Les faits à l’origine de la décision sont d’une grande banalité. La requérante, agent contractuel de droit public à Pôle emploi en Guadeloupe, se porte candidate aux fonctions de « correspondant régional justice » de cet établissement. Cet agent a pour fonction d’assister dans leur recherche d’emploi les personnes détenues qui sont en fin de peine. Le directeur général de Pôle emploi rejette sa candidature en février 2012. Aux yeux de Mme B.A., ce rejet trouve son origine dans ses responsabilités syndicales et elle estime être victime d’une discrimination. Le tribunal administratif de Basse Terre lui a donné raison dans un jugement du 10 octobre 2013 et Pôle emploi a donc saisi le Conseil d’État en cassation. Celui-ci annule la décision du tribunal administratif et rejette le recours de Mme B.A. au motif que la discrimination n’est pas démontrée.

Une présomption

L’auteur d’une discrimination, en particulier dans le domaine syndical, a généralement tendance à cacher le fondement réel de sa décision en la masquant derrière l’intérêt général. Il va ainsi invoquer l’intérêt du service pour refuser une promotion ou décider une mutation, alors qu’il veut écarter un militant syndical.
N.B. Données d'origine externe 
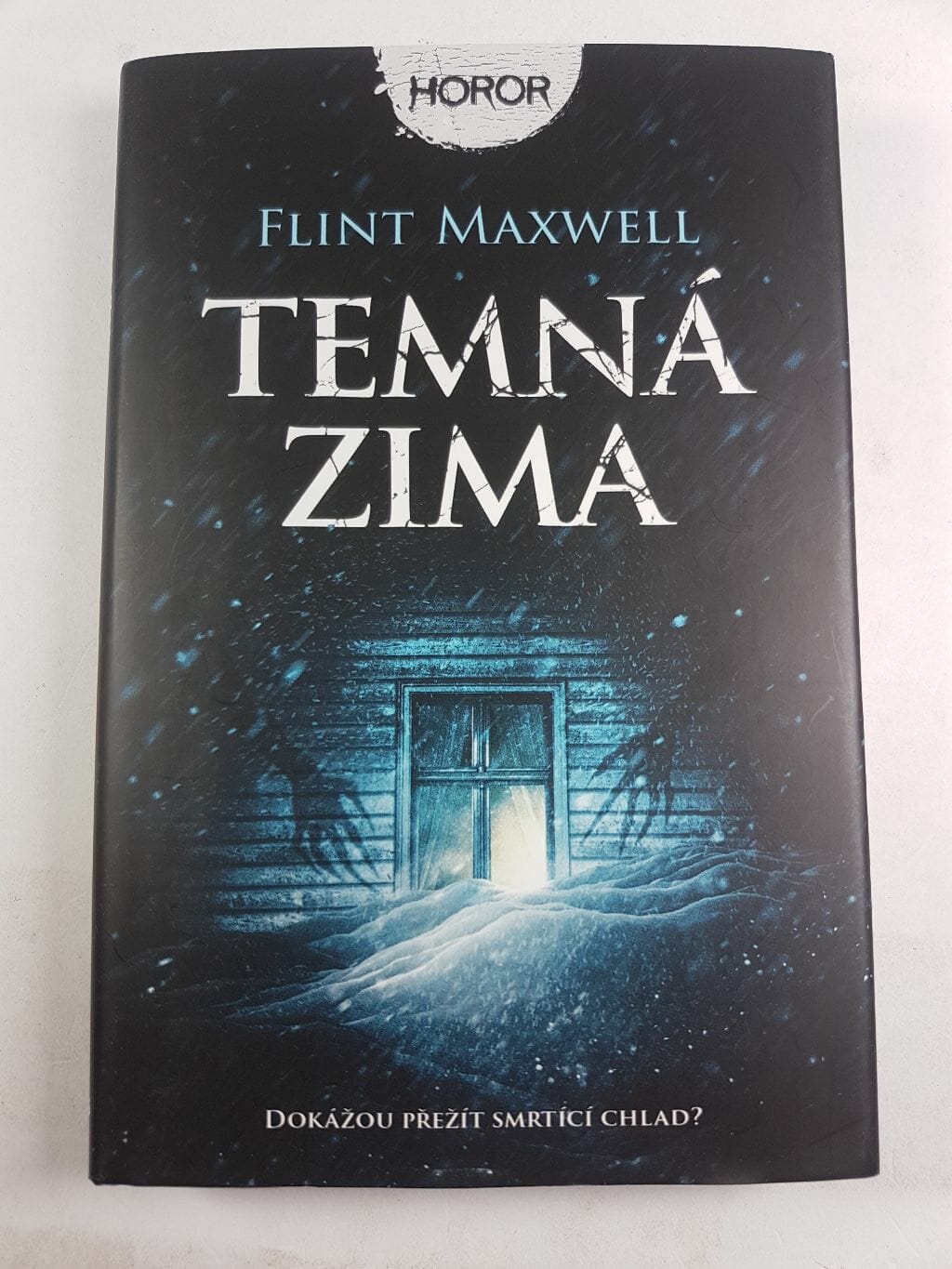 Levně Bílá tma: Temná zima (2)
Dans son arrêt Perreux du 30 octobre 2009, le Conseil d’État a été saisi d’un recours dirigé contre un refus de nomination à un emploi de chargé de formation à l’École nationale de la magistrature (ENM). Pour la requérante, ce refus reposait sur son appartenance au syndicat de la magistrature. En l’espèce, le Conseil d’État estime que la preuve de la discrimination n’est pas apportée, précisant que celle-ci s’articule en deux temps.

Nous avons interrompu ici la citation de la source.